Ökonomie und Freiheit

Für eine humane Gestaltung lassen sich biblische Kriterien benennen. Die Geschichte des Volkes Israel und seine Sozialgesetzgebung verfolgen deutlich ethische Grundsätze, die, ernst genommen, einiges in Bewegung setzen könnten. Ökonomie wird hier und heute im Gegensatz zum eben formulierten Ideal als größtmögliche »Freiheit« des Marktes und seiner dominierenden Teilnehmer, der transnationalen Konzerne und der Aktionäre, gesehen — Freiheit zur Anhäufung von Reichtum.
Biblisch verstanden ist Freiheit immer flankiert von Gerechtigkeit und Geschwisterlichkeit. Diese verantwortete Freiheit erscheint als reine Selbstverständlichkeit, wenn sie sich auf Menschen in Gemeinschaft bezieht. Erst durch das abstrakte Lösen aus allen Zusammenhängen wird Freiheit zu einem Monstrum, das individualistische »Selbstverwirklichung« zum blinden Dogma erhebt und solche abstrusen Einstellungen hervorbringt wie die, dass eine Wirtschaft, in der das Recht des Stärkeren gilt, allen die es verdienen, schon Wohlstand bescheren wird.

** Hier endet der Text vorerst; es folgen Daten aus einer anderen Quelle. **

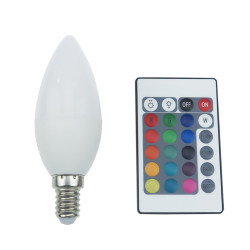 LED SMD E14 C37 4W IR RGB+3.000K 230V AC 300LM RA80 30000H 270°   -C37414RGBWN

Wie steht es mit der »Freiheit« in den Hartz-Gesetzen? Mit den Zumutbarkeitsregelungen (jede Arbeit, zu der man »geistig und körperlich in der Lage ist«), der Beweislastumkehrung für die Unzumutbarkeit und dem Zwang für Unverheiratete (als lebten sie in Unabhängigkeit von sozialen Bindungen, anderen Lebensformen, zu pflegenden Freunden oder Angehörigen) nach drei Monaten Jobs im ganzen Bundesgebiet anzunehmen, treten sie die Grundsätze einer persönlichen, der Gemeinschaft verantworteten Freiheit mit Füßen.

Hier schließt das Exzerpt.